#### EXERCISE MATERIAL:

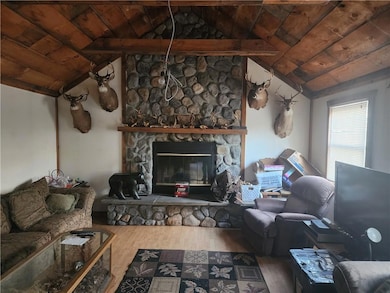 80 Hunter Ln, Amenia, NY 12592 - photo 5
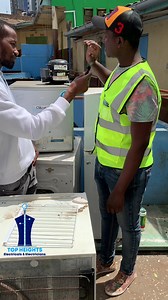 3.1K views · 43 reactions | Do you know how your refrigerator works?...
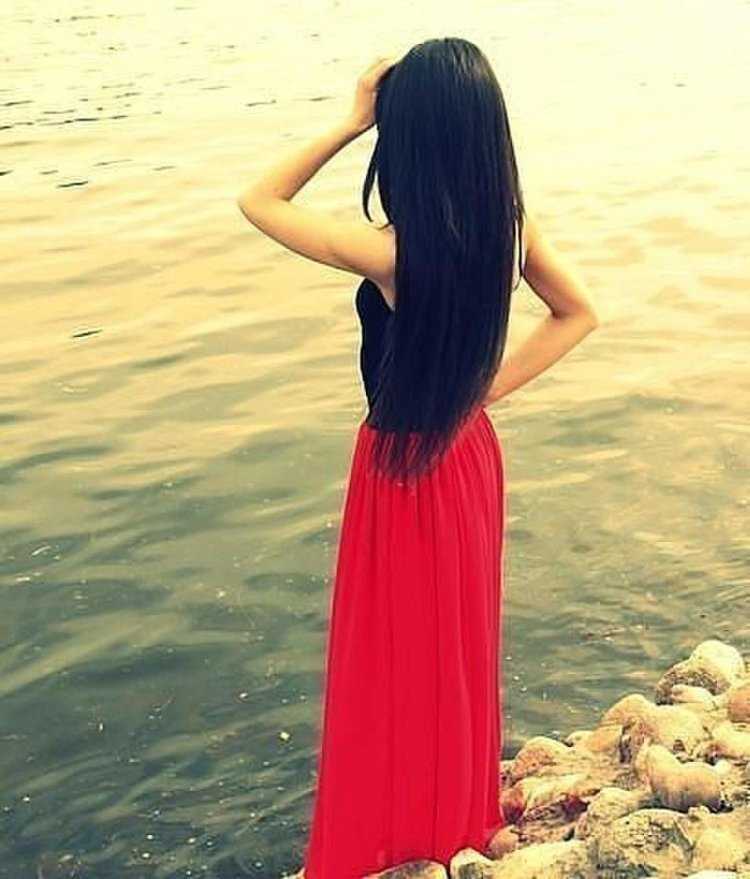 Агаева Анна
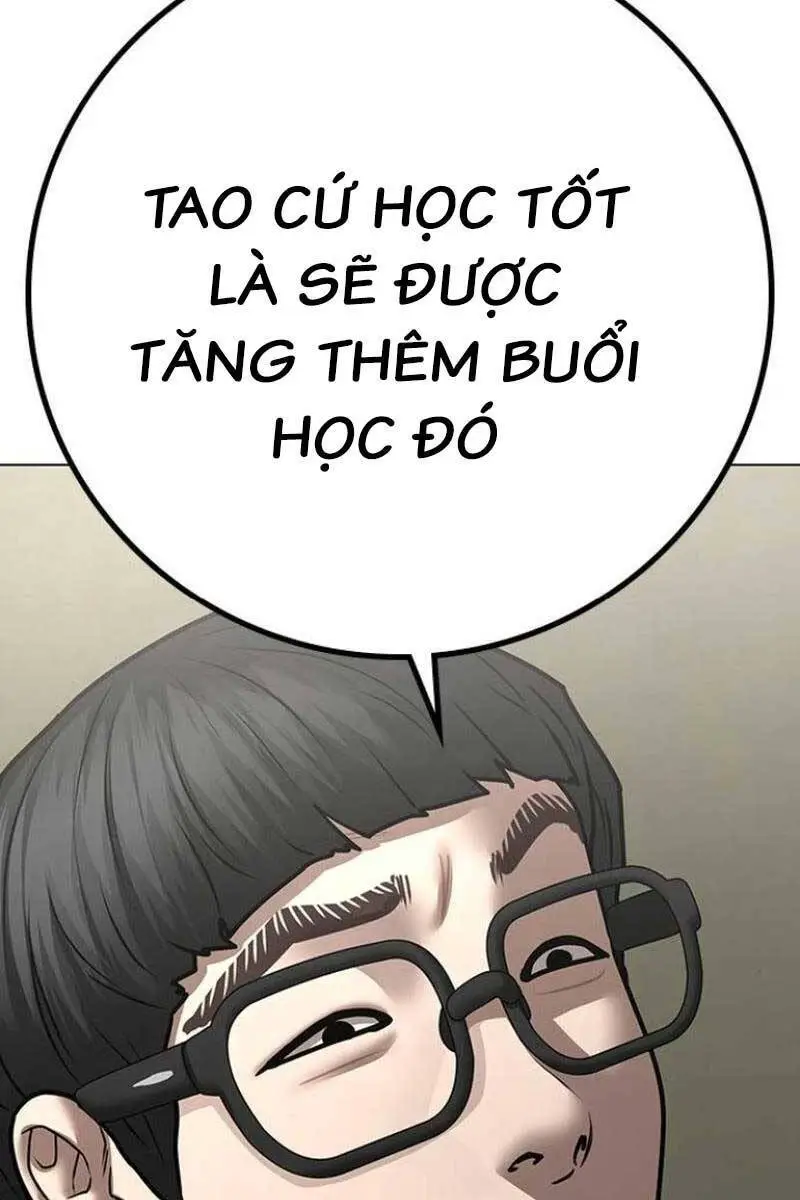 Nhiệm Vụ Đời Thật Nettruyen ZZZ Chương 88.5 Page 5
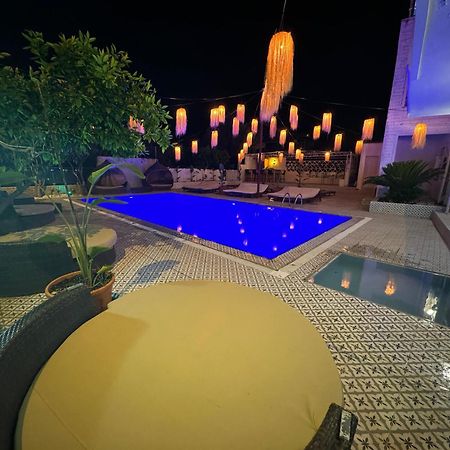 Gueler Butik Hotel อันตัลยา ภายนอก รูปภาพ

#### REQUIRED ACTION:
Reproduce every entry exactly, but omit each picture.

#### ANSWER AREA:
 80 Hunter Ln, Amenia, NY 12592 - photo 5
 3.1K views · 43 reactions | Do you know how your refrigerator works?...
 Агаева Анна
 Nhiệm Vụ Đời Thật Nettruyen ZZZ Chương 88.5 Page 5
 Gueler Butik Hotel อันตัลยา ภายนอก รูปภาพ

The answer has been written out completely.